RECORDS below:
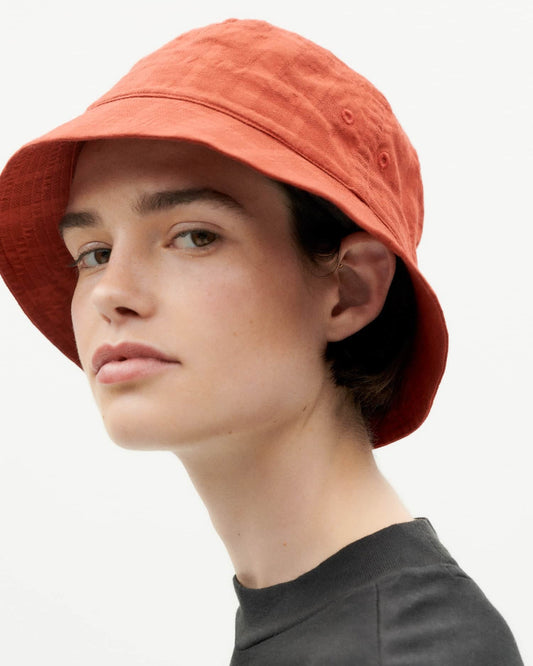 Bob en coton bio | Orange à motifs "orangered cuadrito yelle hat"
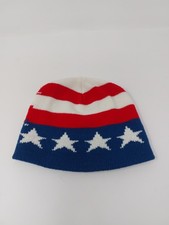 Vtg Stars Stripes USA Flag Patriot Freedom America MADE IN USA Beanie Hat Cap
End of RECORDS.
RECORDS below:
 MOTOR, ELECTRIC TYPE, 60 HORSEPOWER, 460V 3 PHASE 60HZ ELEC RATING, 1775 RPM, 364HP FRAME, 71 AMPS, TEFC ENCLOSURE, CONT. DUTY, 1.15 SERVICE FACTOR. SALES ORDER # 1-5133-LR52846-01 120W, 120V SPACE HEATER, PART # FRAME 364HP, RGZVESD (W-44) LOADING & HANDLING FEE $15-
End of RECORDS.
RECORDS below:
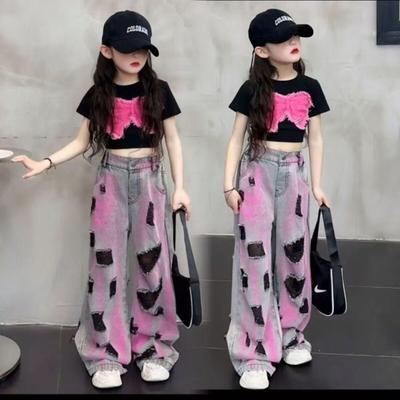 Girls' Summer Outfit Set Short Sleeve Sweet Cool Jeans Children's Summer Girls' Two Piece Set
End of RECORDS.
▸ **BRIEF**:
In the listing above, find the line containing "Bob en coton" and the line containing "Vtg Stars Stripes"; print those lines and every line between them exactly, leaving out pictures.

▸ **EXERCISE OUTPUT**:
 Bob en coton bio | Orange à motifs "orangered cuadrito yelle hat"
 Vtg Stars Stripes USA Flag Patriot Freedom America MADE IN USA Beanie Hat Cap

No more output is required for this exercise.